▸ Items from a data source
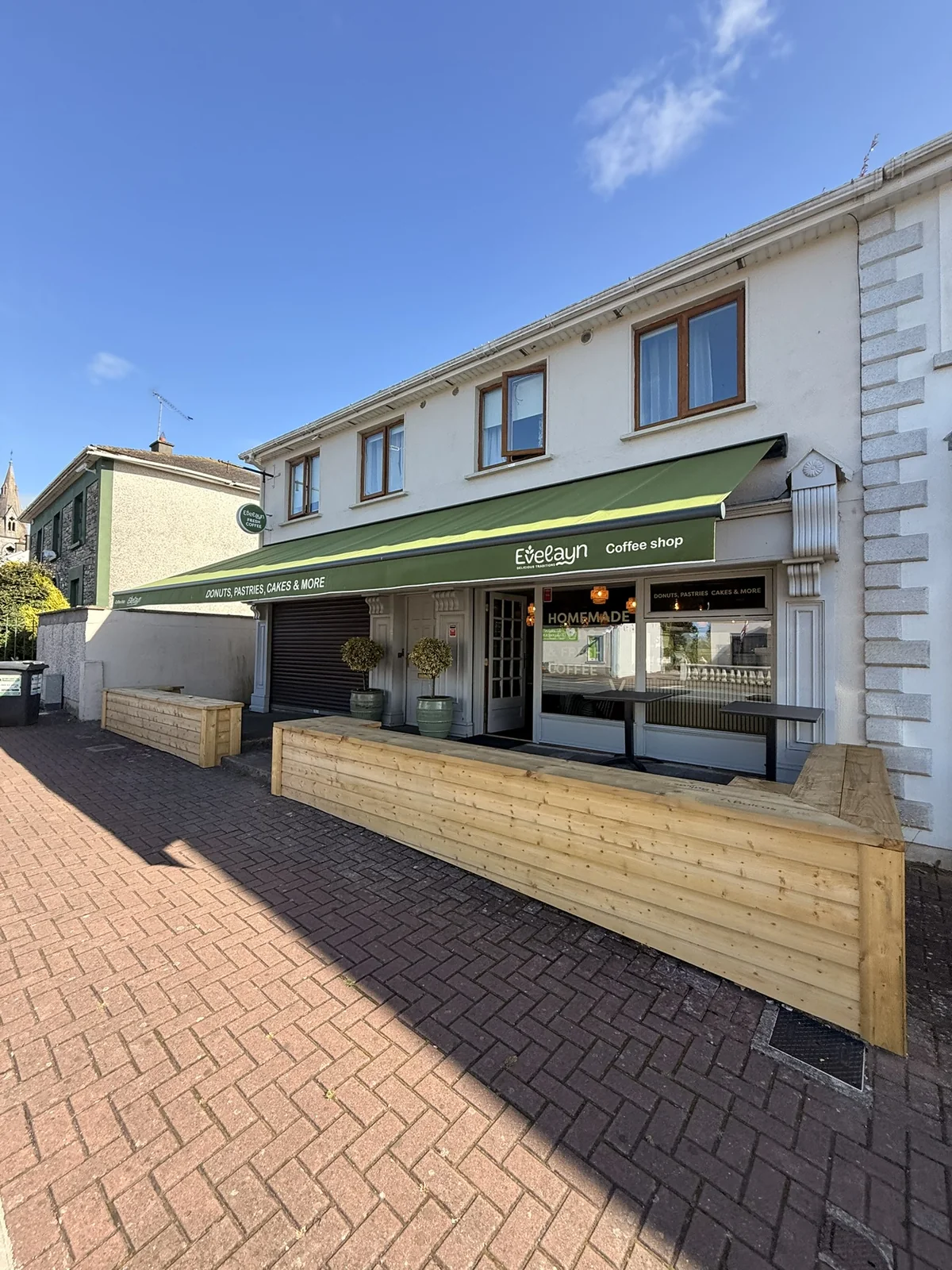 Green Eveeayn commercial awning across a coffee shop frontage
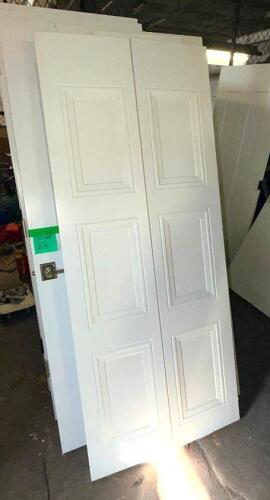 (2) NEW WHITE INTERIOR FOLDING PANEL DOORS.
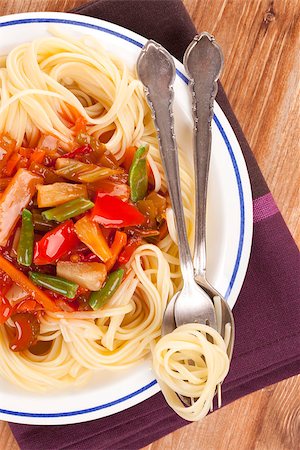simsearch:656-02702879,k - Culinary pasta eating. Pasta with tomato vegetable sauce on plate with cutlery on wooden background, top view. Photographie de stock - Aubaine LD & Abonnement, Code: 400-07681109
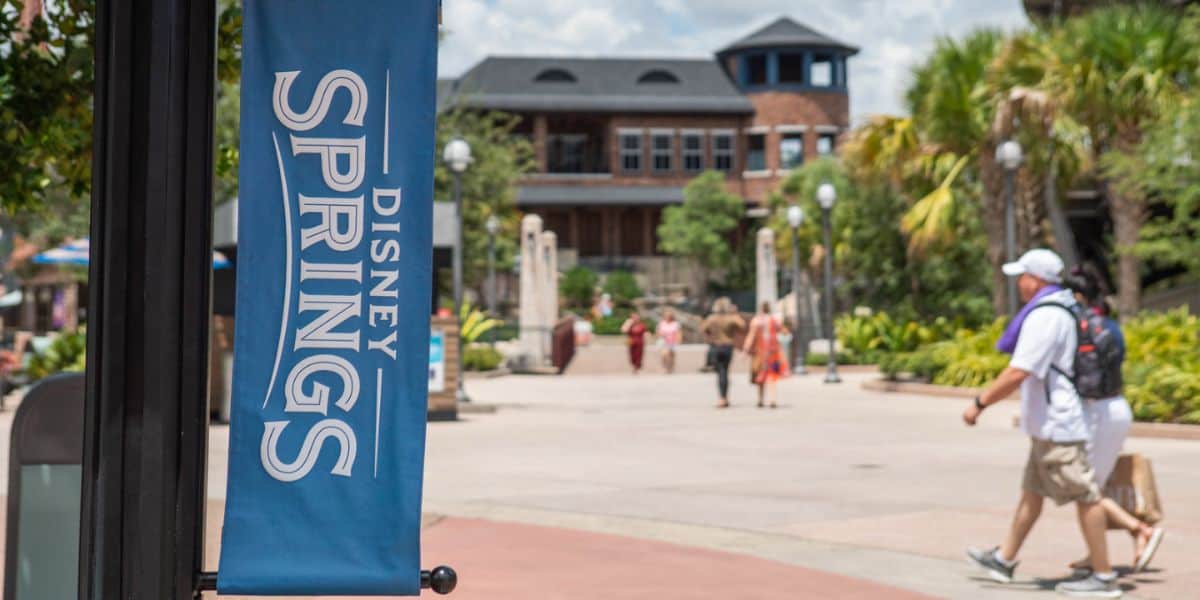 Guests walk past a Disney Springs sign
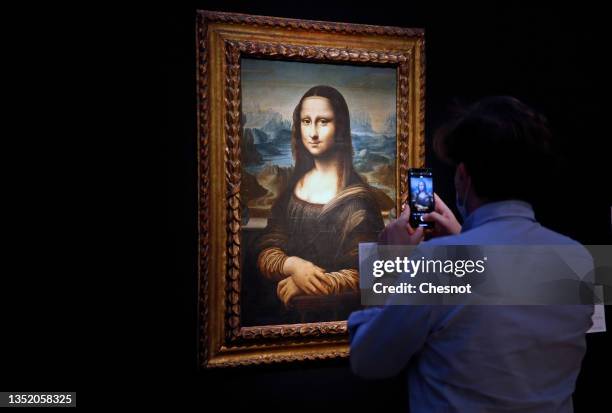 Visitor wearing a protective face mask takes a picture of a Mona Lisa version by Italian artist Leonardo da Vinci at the Artcurial auction house on...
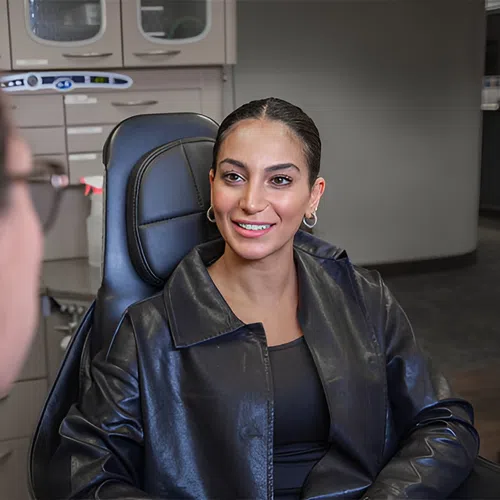 Smiling woman in black leather jacket sitting in a dental chair talking to a dentist in clinic.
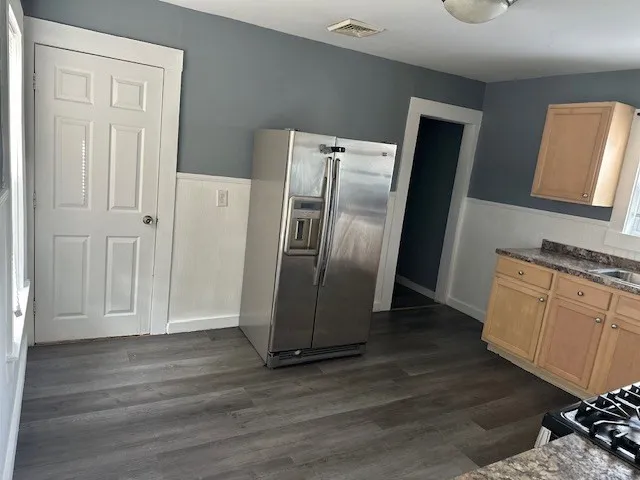 a kitchen with stainless steel appliances granite countertop a refrigerator and a stove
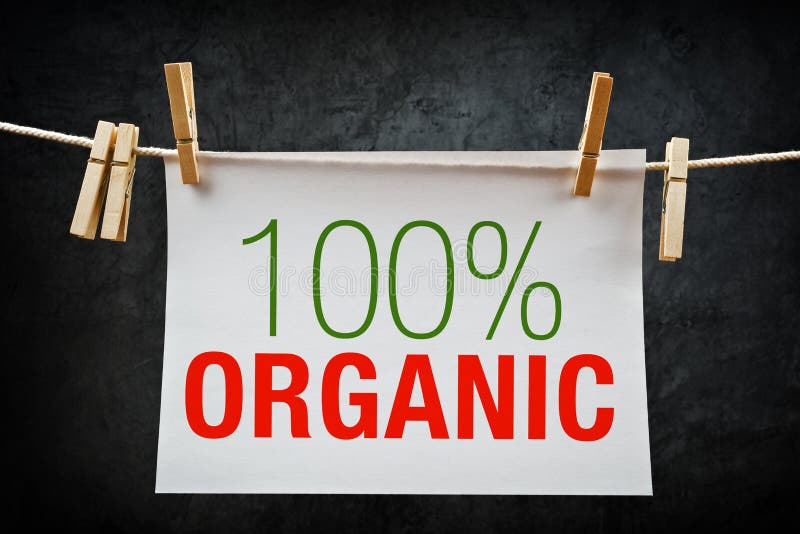 100% Organic. Hundred percent organic label hanging on rope. 100% Organic. Hundred percent organic label hanging on rope.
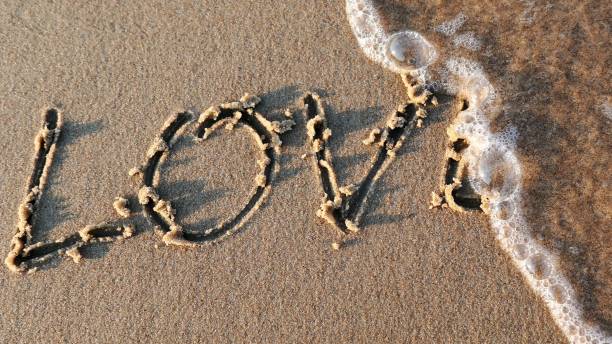 istock Love Word Written on Sandy Beach and Wiped Out by Sea Wave at Sunset 1298623322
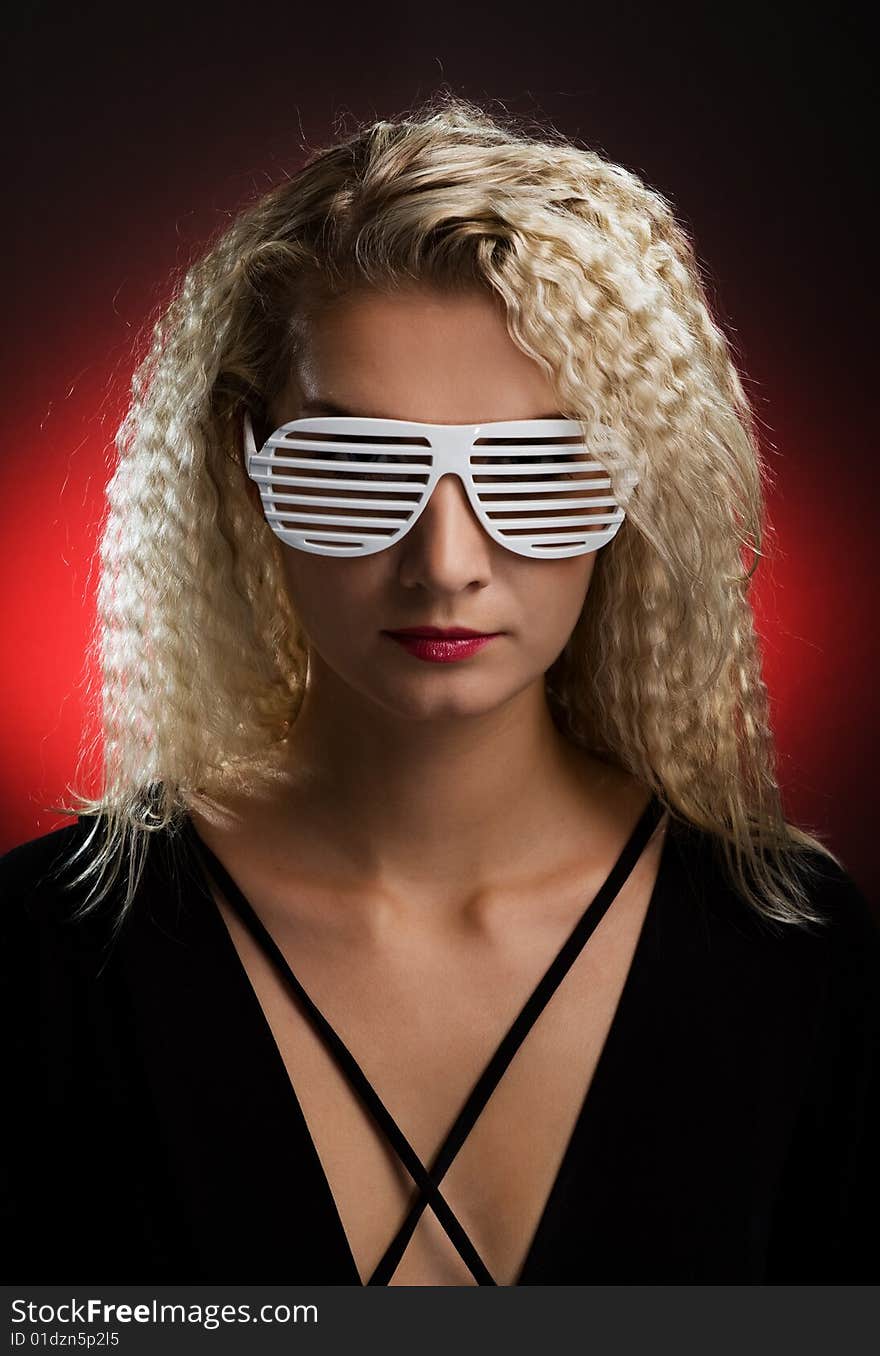 Beautiful blond woman with stylish shutter shades sunglasses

▸ Instructions for the task
All that is wanted is each line, word for word, from the first line of the data to the one holding "a kitchen with", with the pictures left out.

▸ Expected answer
 Green Eveeayn commercial awning across a coffee shop frontage
 (2) NEW WHITE INTERIOR FOLDING PANEL DOORS.
simsearch:656-02702879,k - Culinary pasta eating. Pasta with tomato vegetable sauce on plate with cutlery on wooden background, top view. Photographie de stock - Aubaine LD & Abonnement, Code: 400-07681109
 Guests walk past a Disney Springs sign
 Visitor wearing a protective face mask takes a picture of a Mona Lisa version by Italian artist Leonardo da Vinci at the Artcurial auction house on...
 Smiling woman in black leather jacket sitting in a dental chair talking to a dentist in clinic.
 a kitchen with stainless steel appliances granite countertop a refrigerator and a stove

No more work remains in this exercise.